[WORK INSTRUCTIONS] Transcribe the records below from the first line to the line that includes "Motorola Moto G04s 8GB 128GB Concord Black", inclusive, and omit the pictures.

[GIVEN ENTRIES]

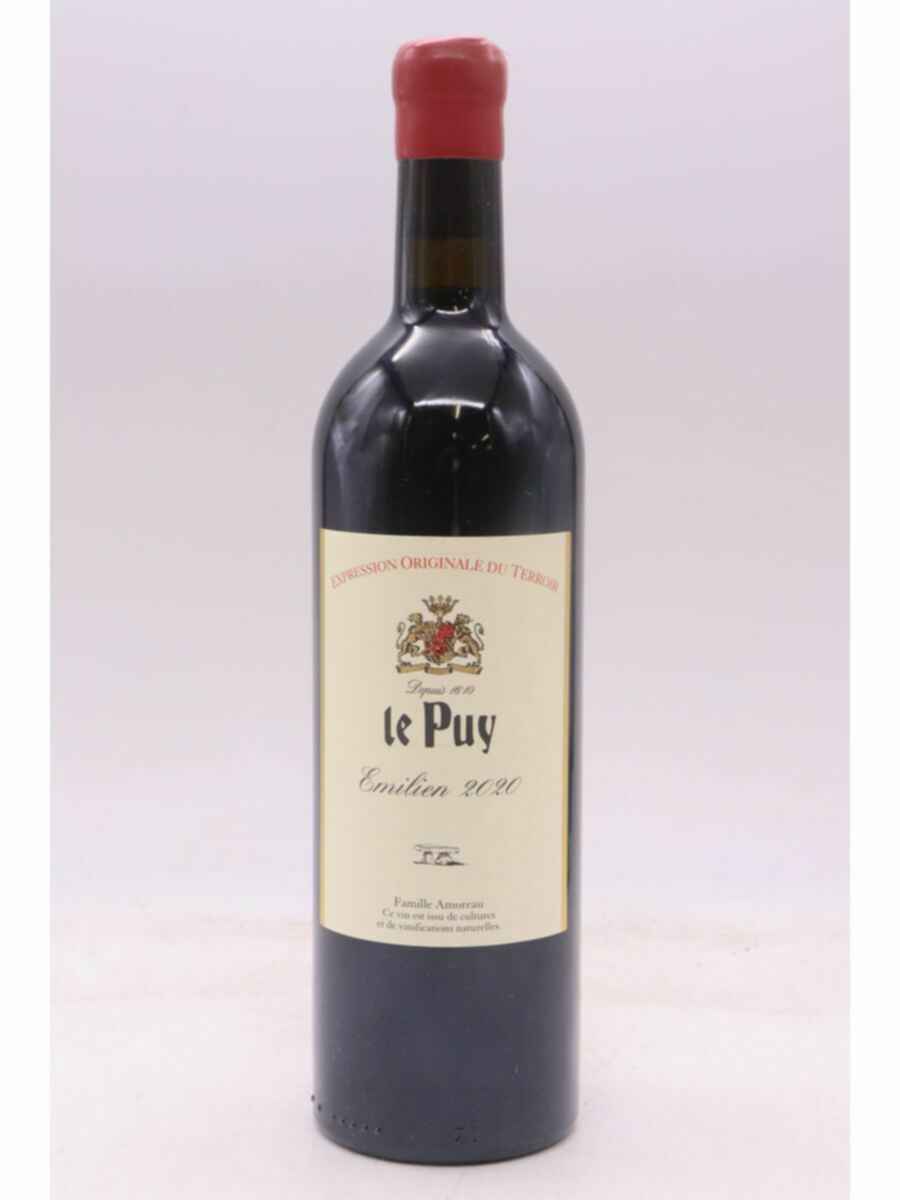 Chateau Le Puy Emilien 2020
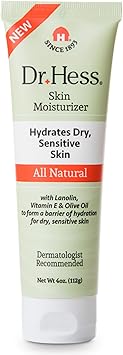 Dr Hess Skin Moisturizer Hydrates Dry Sensitive Skin For Unisex 4 oz Moisturizer - Image 1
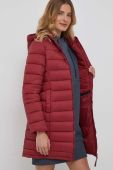 Куртка Pepe Jeans жіноча колір бордовий перехідна (3523561)
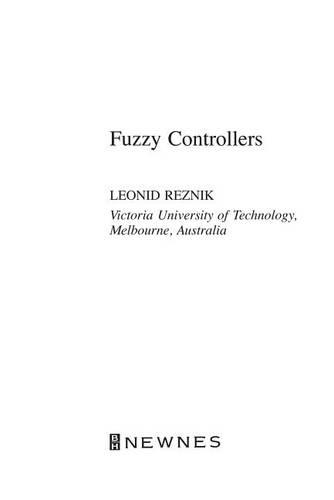 Fuzzy Controllers Handbook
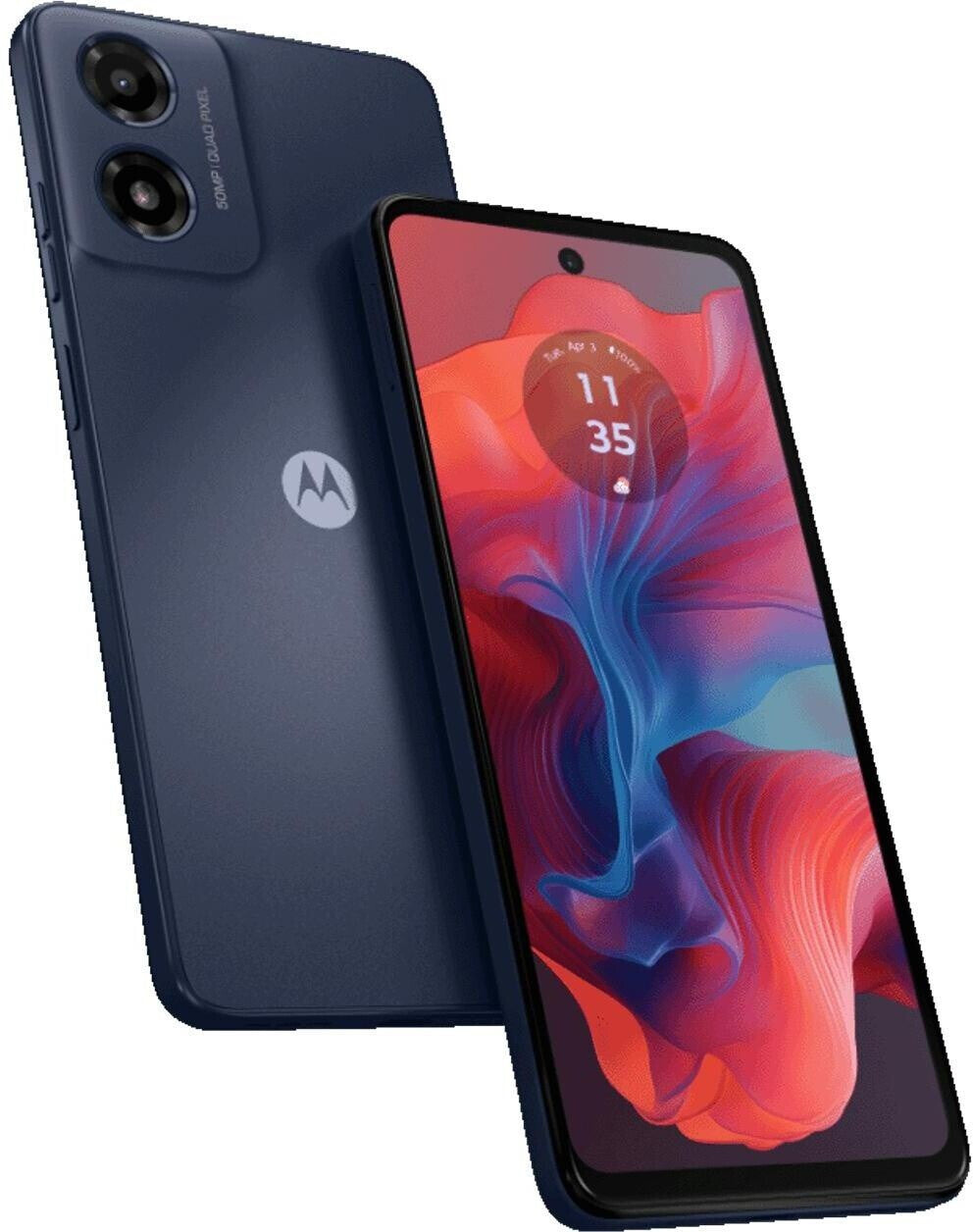 Motorola Moto G04s 8GB 128GB Concord Black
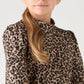 Animal Print Dress for Girls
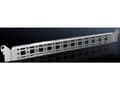 Pikkukuva 3 / 4: Rittal VX 8619.710, Asennussarja, Harmaa, Terästä, 500 mm, 4 kpl, 920 g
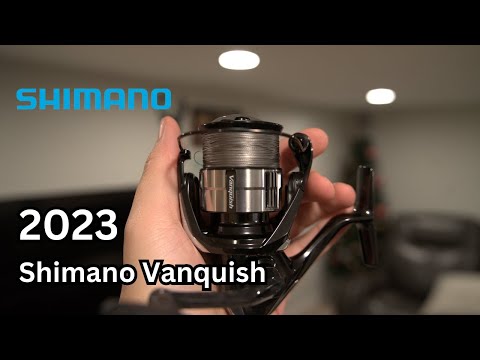 2023 Shimano Vanquish - LIGHTEST REEL TODAY!
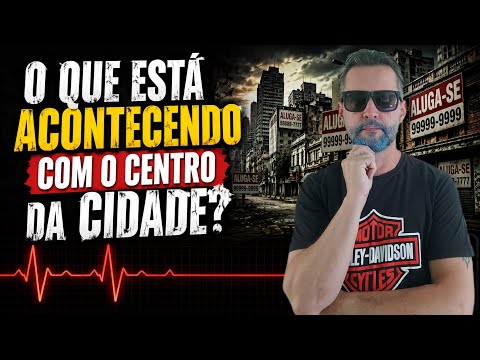 O que está acontecendo com o centro de Anápolis?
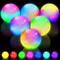 TEMU Thiodoon Dark Golf Ball Glow Golf Balls Resettable Golf Ball Light Up Golf Ball Night Golf Balls Luminous Golf Balls 6 Colors For Your Choice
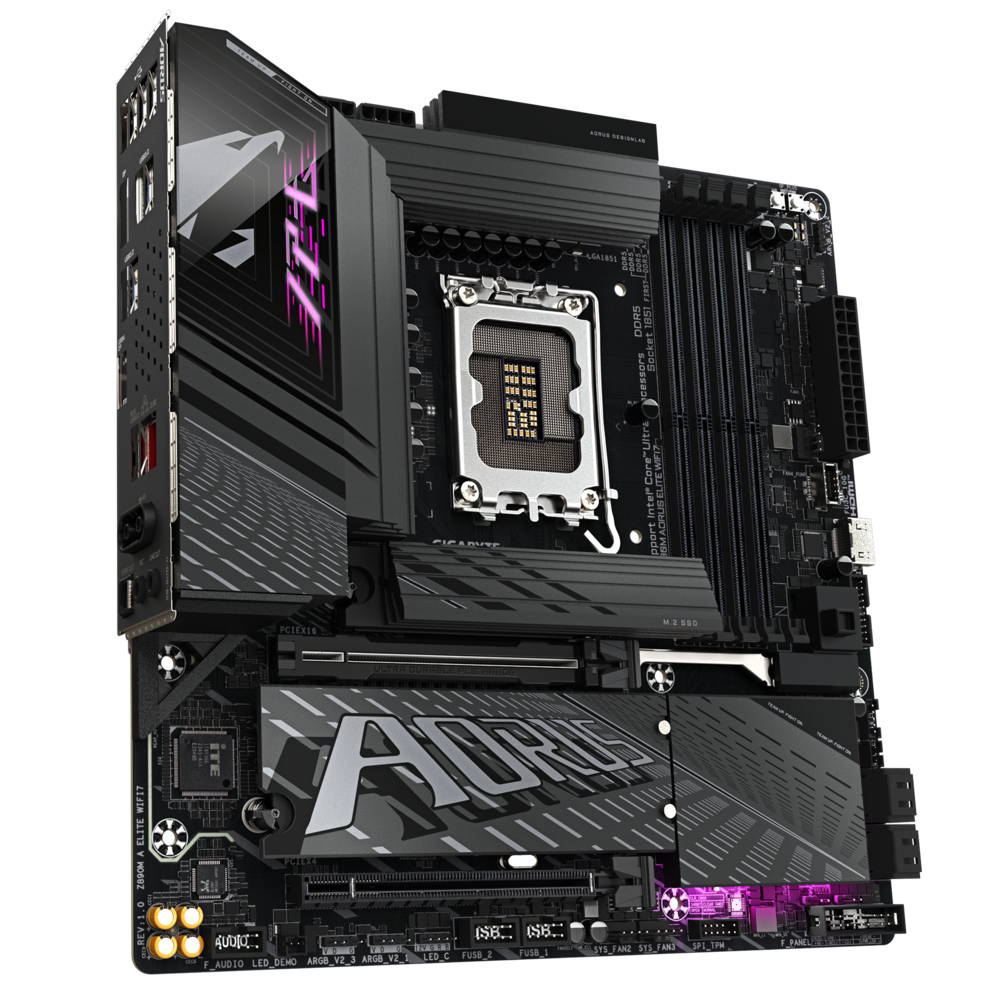 Gigabyte Z890M AORUS ELITE WIFI7 Motherboard 5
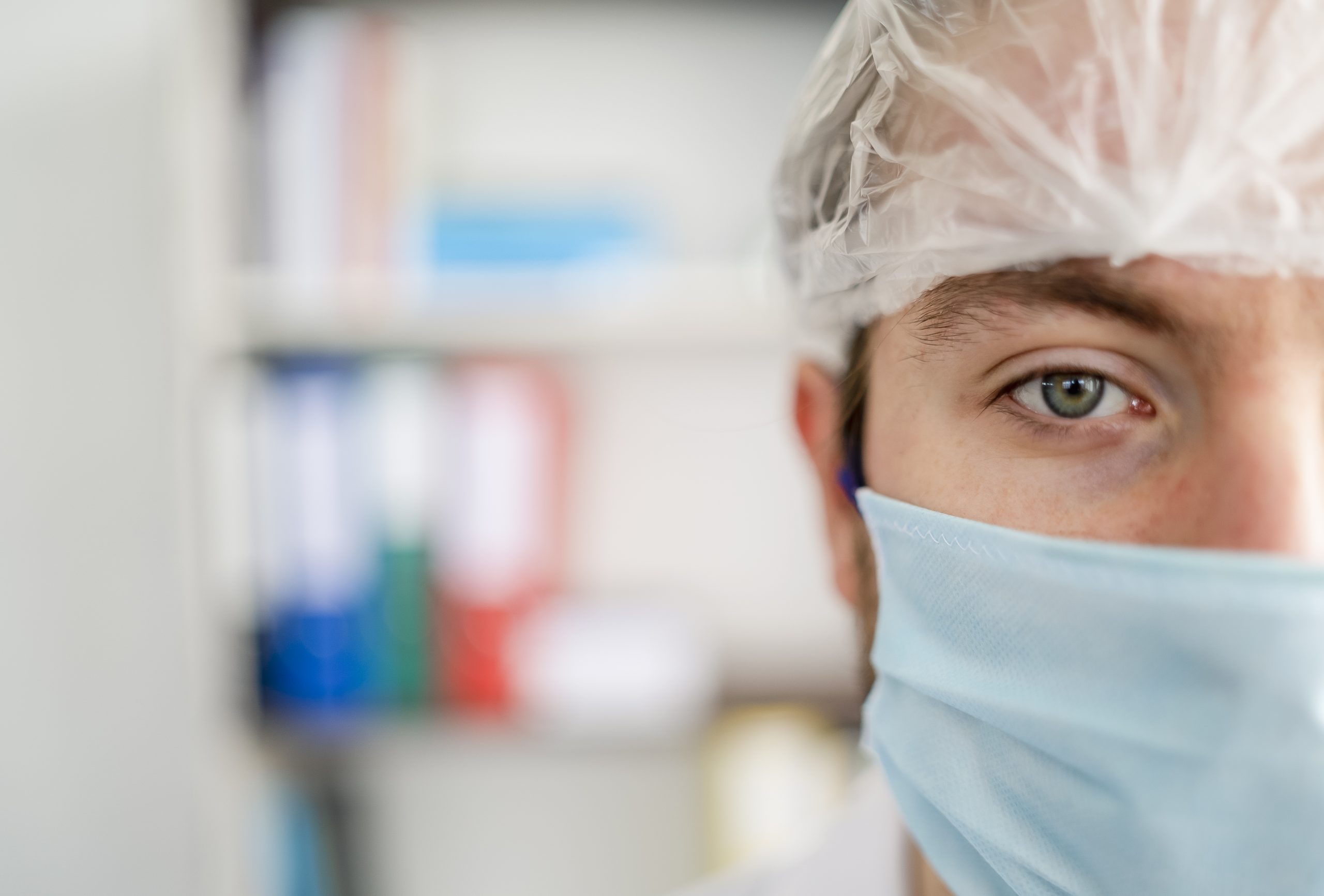 Schutzmasken für Ärzte und Pflegekräfte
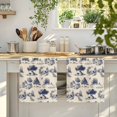 thumbnail image 4 of Farmhouse Country Kitchen Towels Set of 2, Vintage Trees Rustic French Garden Birds Absorbent Dish Towels for Kitchen, Microfiber Hand Towel, Quick Drying Tea Towel for Cleaning Decorative Dishcloths, 4 of 7
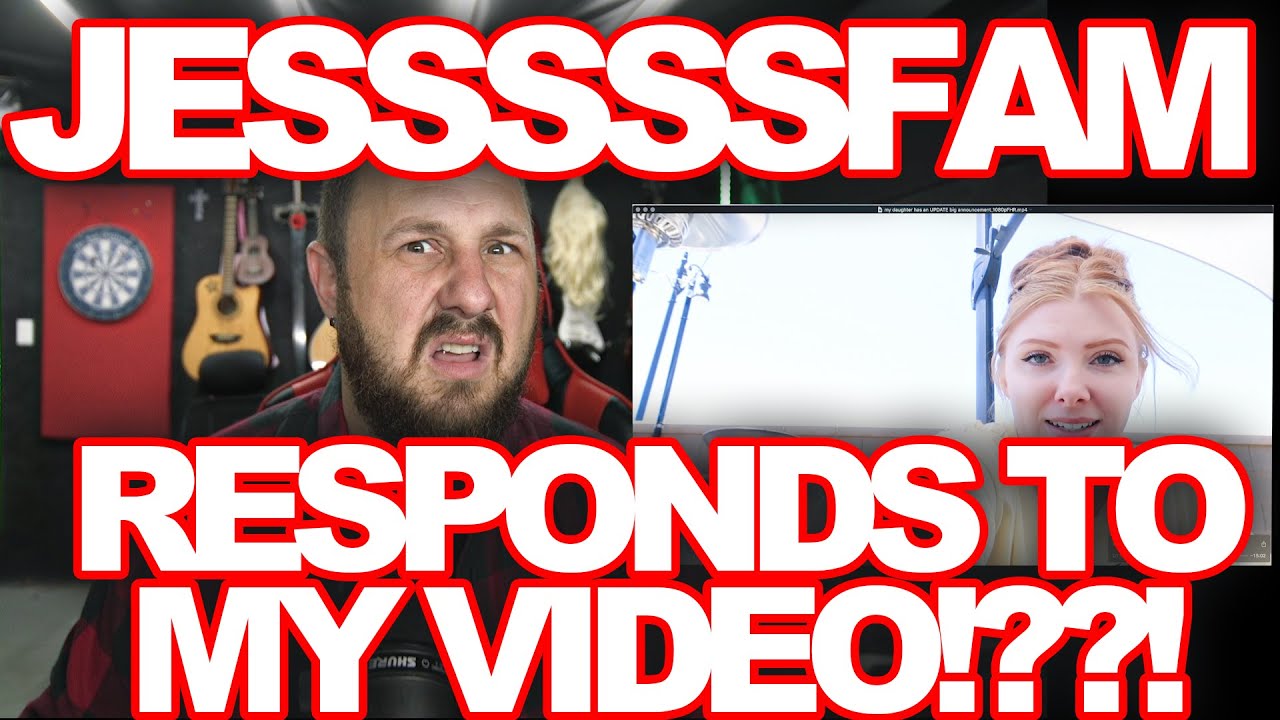 Jesssfam Finally Responds | Still Doesn't Understand Pool Safety | Scared For Her Kids
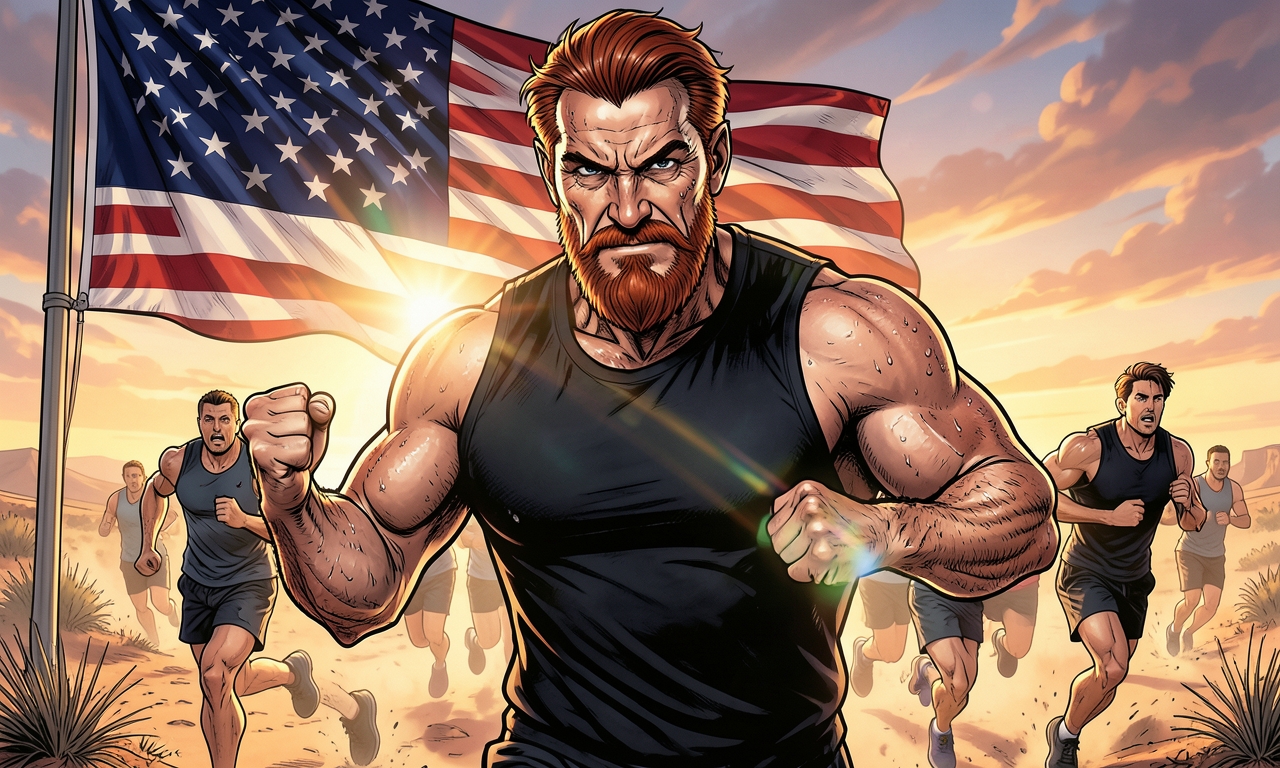 Chuck Norris hat einmal einen Marathon gelaufen. Rückwärts. Nur um zu sehen, wer als Zweiter ankommt.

[/GIVEN ENTRIES]

[COMPLETED EXERCISE]
 Chateau Le Puy Emilien 2020
 Dr Hess Skin Moisturizer Hydrates Dry Sensitive Skin For Unisex 4 oz Moisturizer - Image 1
 Куртка Pepe Jeans жіноча колір бордовий перехідна (3523561)
 Fuzzy Controllers Handbook
 Motorola Moto G04s 8GB 128GB Concord Black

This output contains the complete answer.